Top of Material provided

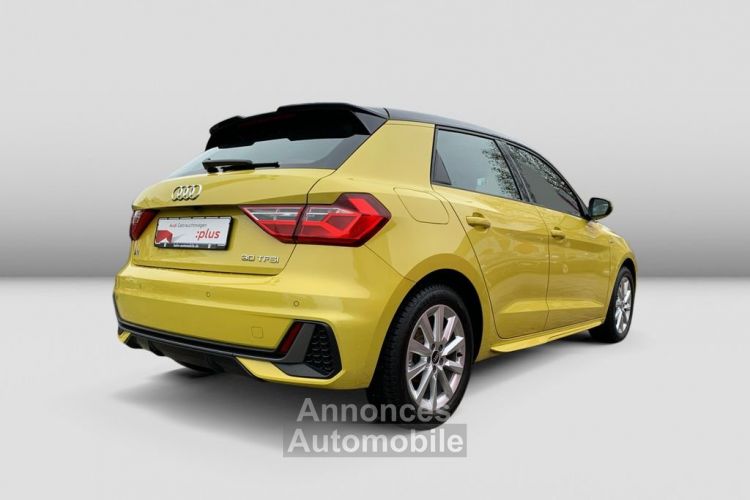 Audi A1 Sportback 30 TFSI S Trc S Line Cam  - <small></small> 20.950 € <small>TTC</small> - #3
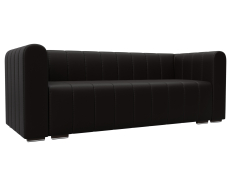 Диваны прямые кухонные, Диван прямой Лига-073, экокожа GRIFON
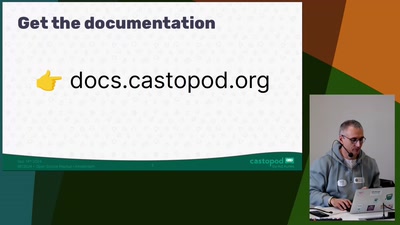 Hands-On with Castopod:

Bottom of Material provided

* What you should do
Write out the whole listing exactly as it appears, and omit the pictures.

* Written answer
 Audi A1 Sportback 30 TFSI S Trc S Line Cam  - <small></small> 20.950 € <small>TTC</small> - #3
 Диваны прямые кухонные, Диван прямой Лига-073, экокожа GRIFON
 Hands-On with Castopod:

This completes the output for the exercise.